[Task prompt] Among the entries below, only the lines from the one with "Mercedes-Benz GLC X253" through the one with "Maison - 140 m² - 5 pièces" are to be retyped, exactly and without pictures.

*** Begin section ***

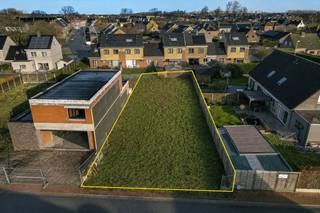 Rustig gelegen perceel bouwgrond van 487 m² voor halfopen bebouwing (koppelbouw). Ideaal voor het realiseren van een ruime gezinswoning met 2 bouwlagen.<br />De bouwvoorschriften laten een bouwdiepte van 20 m op het gelijkvloers en 15 m op de verdieping toe, met een vrije dakvorm in harmonie met de naastliggende woning. Er geldt een afstand van 3 m tot de zijperceelgrens en 5 m tot de voorperceelgrens. Daarnaast is een bijgebouw mogelijk tot 30 m² (1 bouwlaag, plat dak).<br />Interessante opportuniteit om uw woning te realiseren op een mooi perceel in een aangename omgeving.<br />Wg, Gvg, Gvkr, Vv, Gmo ~ Ref. MI24190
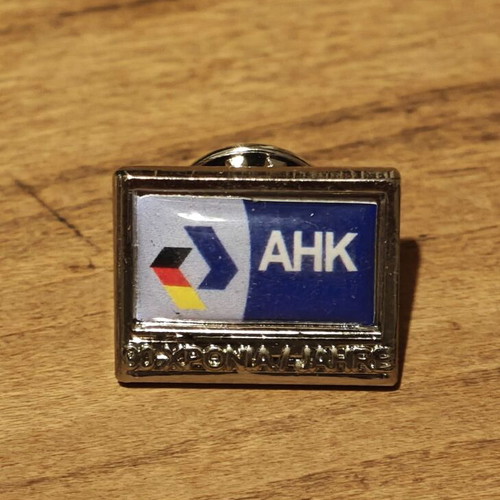 Pins used 90's decade collection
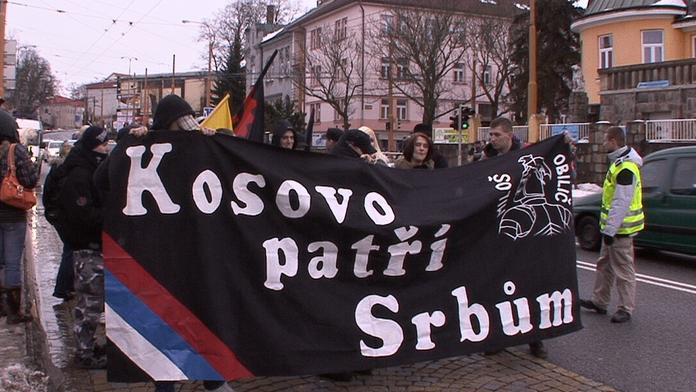 V Jihlavě málem napadli anarchisté pravicové extremisty. Policie jim to překazila
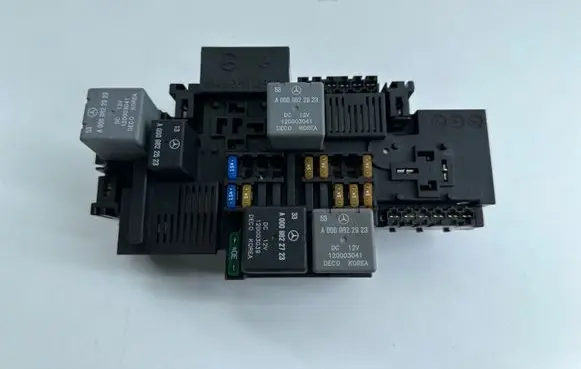 Mercedes-Benz GLC X253 C253 Fuse module A2229063202 50W211F04 173757179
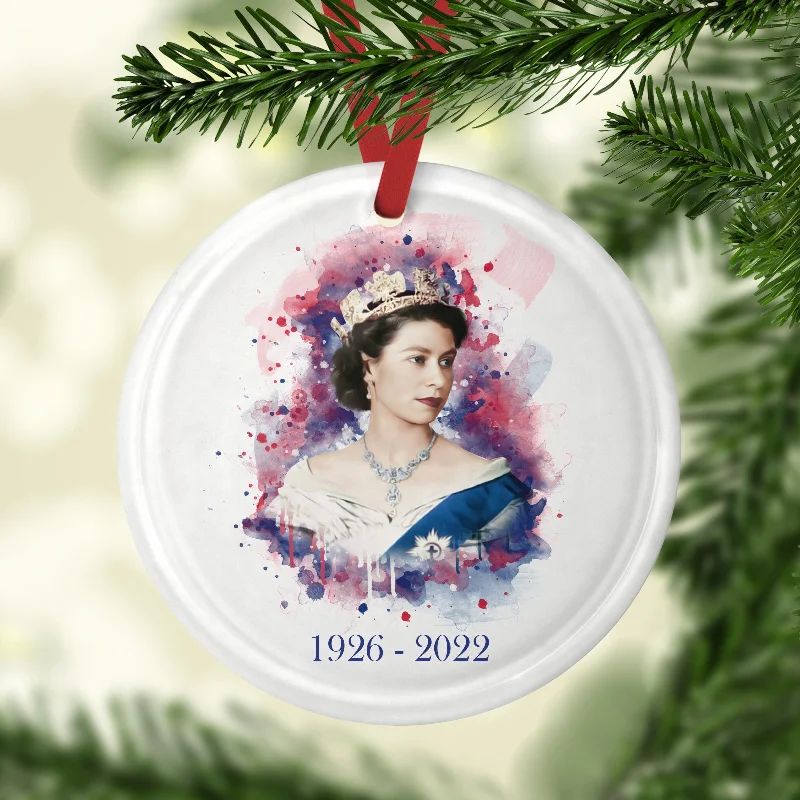 Christmas Night Queen Elizabeth II Memorial Glass Bauble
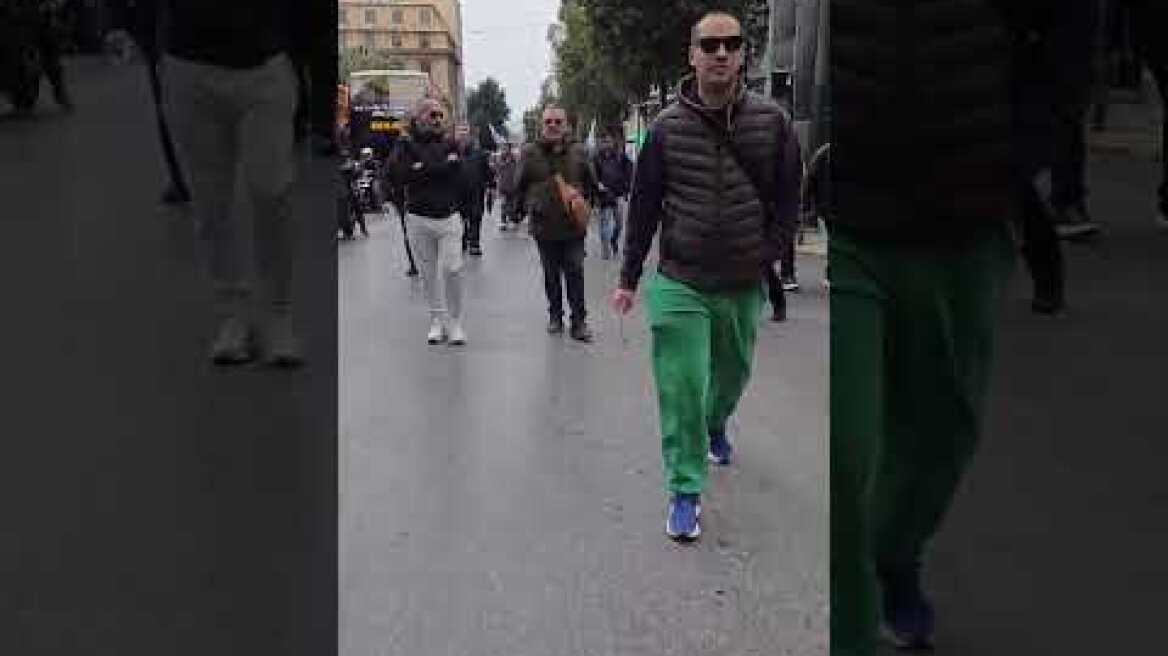 Απεργία στα ταξί: Στους δρόμους με πορεία προς τη Βουλή οι αυτοκινητιστές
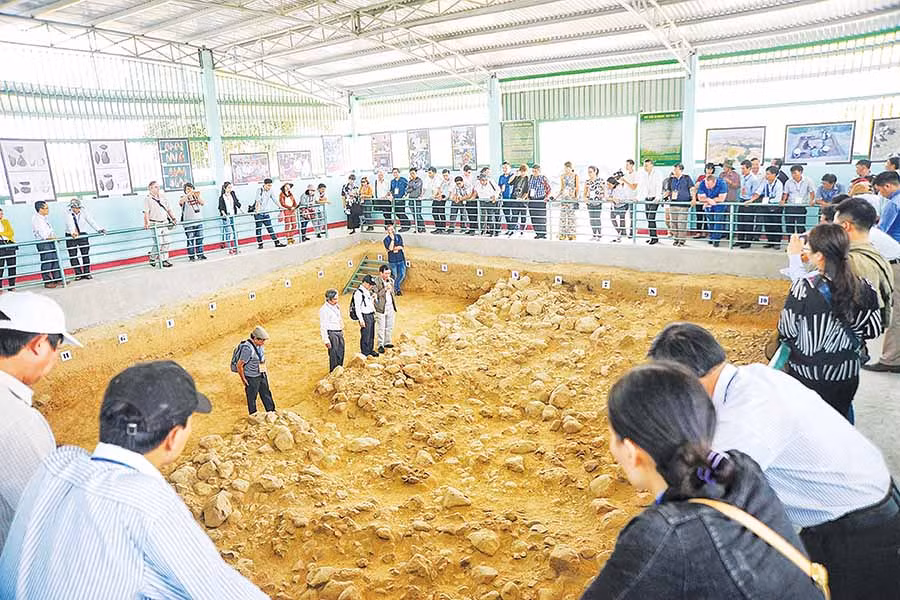 Các hố khai quật được trưng bày ngoài trời, có mái che phục vụ nghiên cứu và tham quan. Ảnh: Nguyên Bình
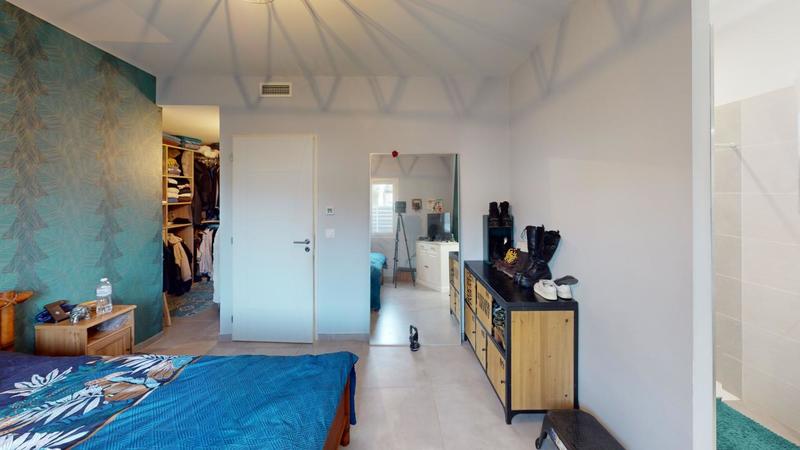 Maison - 140 m² - 5 pièces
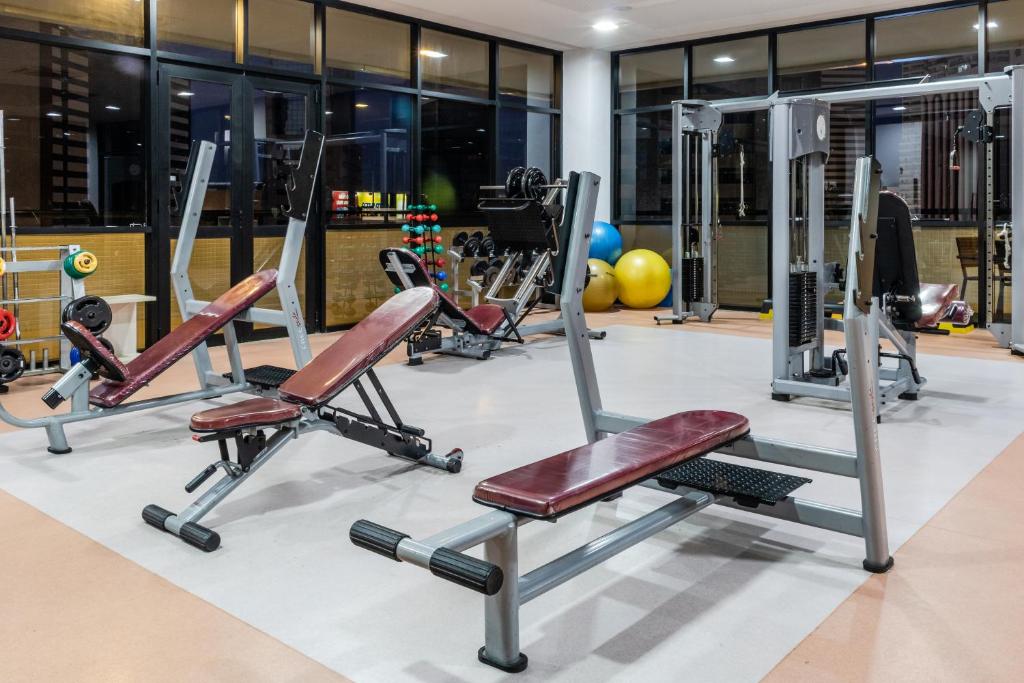 Fitness centrum a/nebo fitness zařízení v ubytování Boulevard Residencial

*** End section ***

[Response to this task]
 Mercedes-Benz GLC X253 C253 Fuse module A2229063202 50W211F04 173757179
 Christmas Night Queen Elizabeth II Memorial Glass Bauble
 Απεργία στα ταξί: Στους δρόμους με πορεία προς τη Βουλή οι αυτοκινητιστές
 Các hố khai quật được trưng bày ngoài trời, có mái che phục vụ nghiên cứu và tham quan. Ảnh: Nguyên Bình
 Maison - 140 m² - 5 pièces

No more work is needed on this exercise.